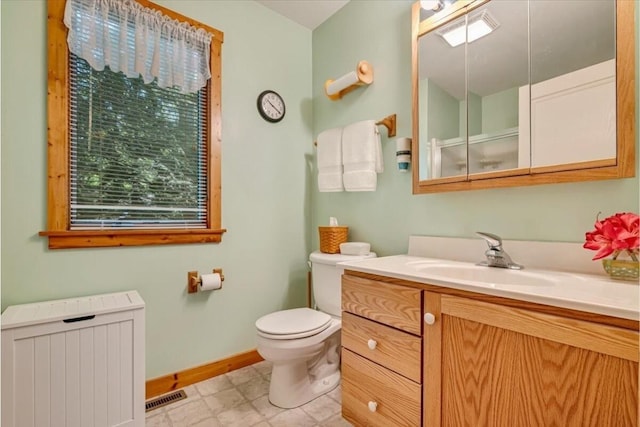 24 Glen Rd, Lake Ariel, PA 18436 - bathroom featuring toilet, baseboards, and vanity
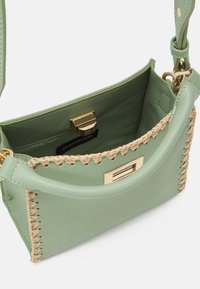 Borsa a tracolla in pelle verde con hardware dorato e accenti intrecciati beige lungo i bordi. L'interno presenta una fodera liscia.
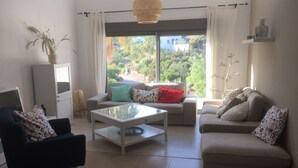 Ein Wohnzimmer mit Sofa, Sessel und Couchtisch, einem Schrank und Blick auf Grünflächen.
════════
### Exercise requirements
A word-for-word copy is required of the lines above from the line with "Borsa a tracolla" through the last line of the data; no other lines and no pictures belong in it.

### Result for this task
 Borsa a tracolla in pelle verde con hardware dorato e accenti intrecciati beige lungo i bordi. L'interno presenta una fodera liscia.
 Ein Wohnzimmer mit Sofa, Sessel und Couchtisch, einem Schrank und Blick auf Grünflächen.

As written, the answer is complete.